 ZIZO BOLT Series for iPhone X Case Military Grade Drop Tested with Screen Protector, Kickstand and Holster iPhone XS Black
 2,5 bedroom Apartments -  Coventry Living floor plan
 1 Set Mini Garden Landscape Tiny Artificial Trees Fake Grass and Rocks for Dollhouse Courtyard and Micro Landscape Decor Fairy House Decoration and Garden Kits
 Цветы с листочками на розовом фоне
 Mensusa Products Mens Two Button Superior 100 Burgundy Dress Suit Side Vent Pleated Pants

---

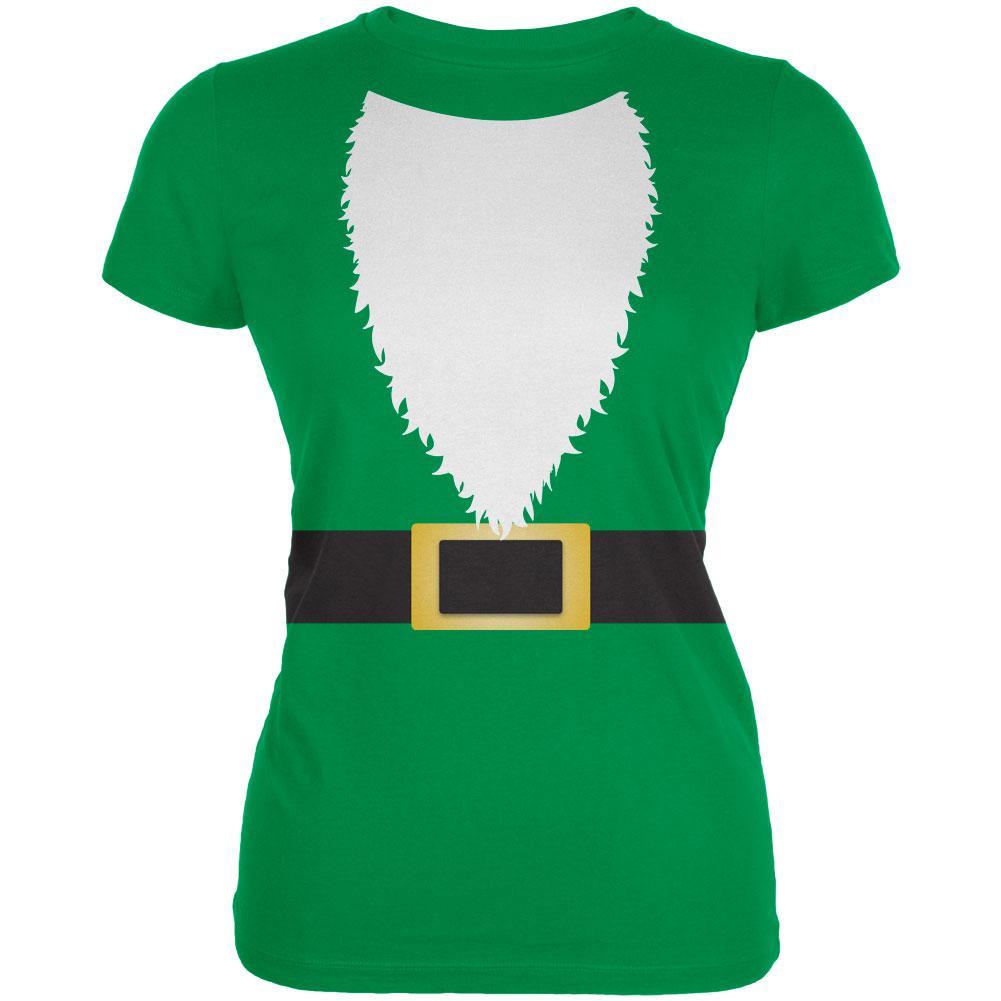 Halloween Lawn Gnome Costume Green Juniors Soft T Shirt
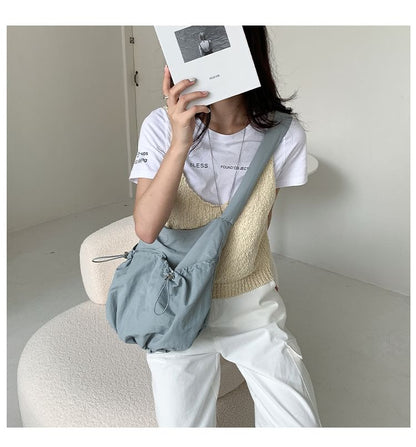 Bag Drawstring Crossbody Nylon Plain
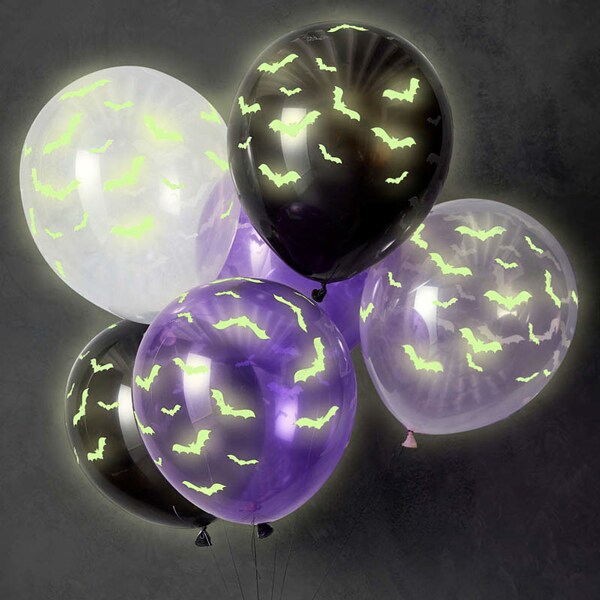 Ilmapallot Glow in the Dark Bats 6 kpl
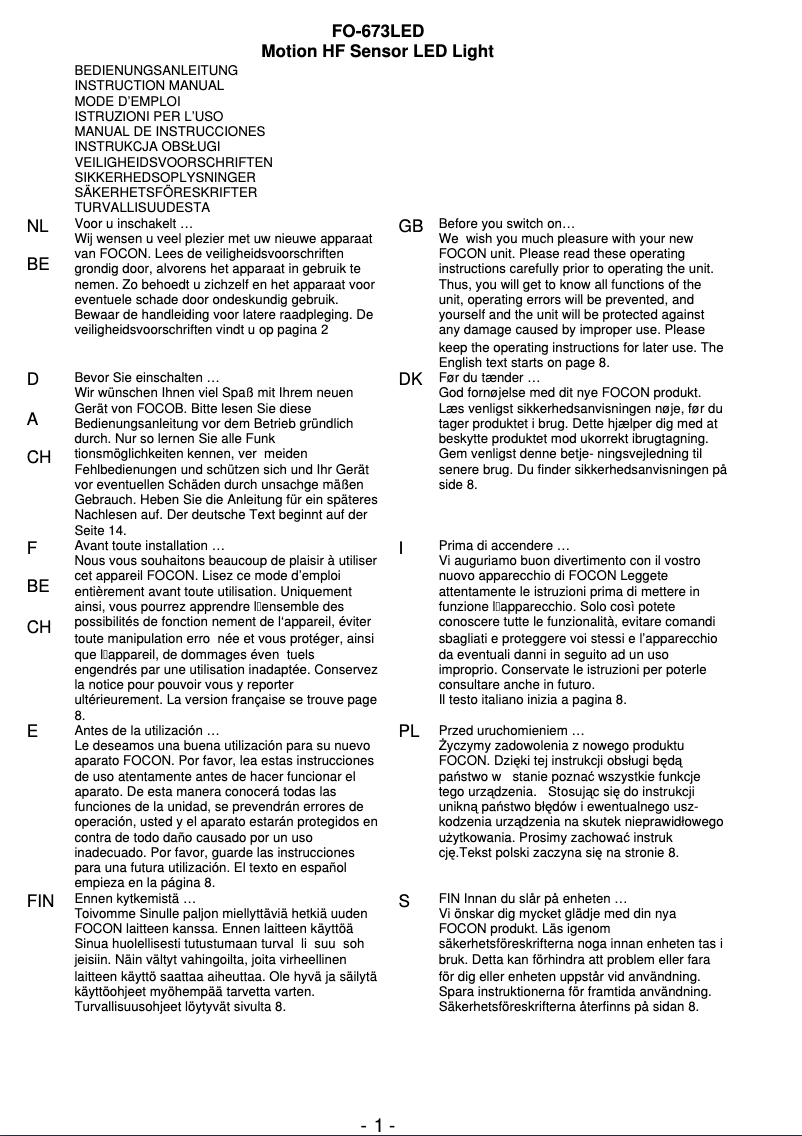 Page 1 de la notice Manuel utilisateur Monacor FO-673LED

[Exercise details]:
An exact copy of the lines above between the line holding "Цветы с листочками на розовом фоне" and the line holding "Mensusa Products Mens", inclusive, is the whole answer.

[Your response]:
 Цветы с листочками на розовом фоне
 Mensusa Products Mens Two Button Superior 100 Burgundy Dress Suit Side Vent Pleated Pants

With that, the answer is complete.